Sea-ice maximum in the Arctic
This year’s Arctic maximum sea-ice extent occured on March 3 with a coverage of around 15,2 million km2. Figure 1 shows the daily sea-ice extent for the previous 5 years, including 2020. The mean estimates based on 20 years of data prior to 2000 have been included for reference. The 2020 Arctic maximum is higher than the previous 4 years, but is well below the mean maximum of the reference period (close to 16 million km2).
Can the winter sea-ice extent predict the following summer sea-ice conditions?
In the animation in Figure 2 the years 2007 and 2012 have been added for comparison. 2007 and 2012 represent the two previous years where the Arctic sea ice had the record-low coverage in september with less than 4 million km2 in 2012. However, their corresponding sea-ice extent in March did not seem to give any preconditioning to the following summer minimas. While 2012 had a maximum extent in March near the 1981-2000 average value, the same year still holds the current September minimum extent record. 2007, on the other hand, had low extent values both during maximum in March and minimum in September - seen in relation to the average based on 1981-2000. This demonstrates that the maximum extent in March cannot predict the September minimum level. Thus, a relatively high March level compared to the most recent year cannot be taken as evidence that the Arctic sea-ice “has recovered”.
Sea-ice minimum in the Antarctic
The 2020 Antarctic minimum sea-ice extent occured on February 29 with around 2.9 million km2 of ice cover. As seen in Figure 3 this year’s sea-ice extent follows the mean 1981-2000 values, however with a later occurrence of the minimum this year. The minimum generally happens in mid February, but a rather “late” minimum as this year is not exceptional, see e.g. the very late minimum in 2017.

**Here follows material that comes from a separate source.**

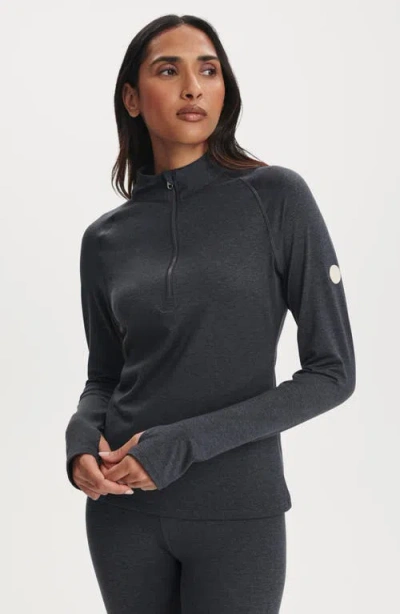 Varley Always Warm Half Zip Base Layer Top In Black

Global versus regional sea-ice extent
While the areal coverage of sea ice generally has a negative trend with time globally and especially in the Arctic, the regional sea ice can be very dense in some areas. This is the case with the sea-ice conditions around Svalbard this winter where we observe more sea ice than the 1980-2010 climatology, see Figure 4.
These are local conditions which have a significant impact regionally, but are not in contradiction with a global climate warning with less and less sea-ice.
More sea-ice climate indicators can be found here.
Sea-ice extent is the area covered by a significant amount of sea ice. Here, sea-ice extent is defined as the area of ocean surface covered with more than 15% sea-ice concentration.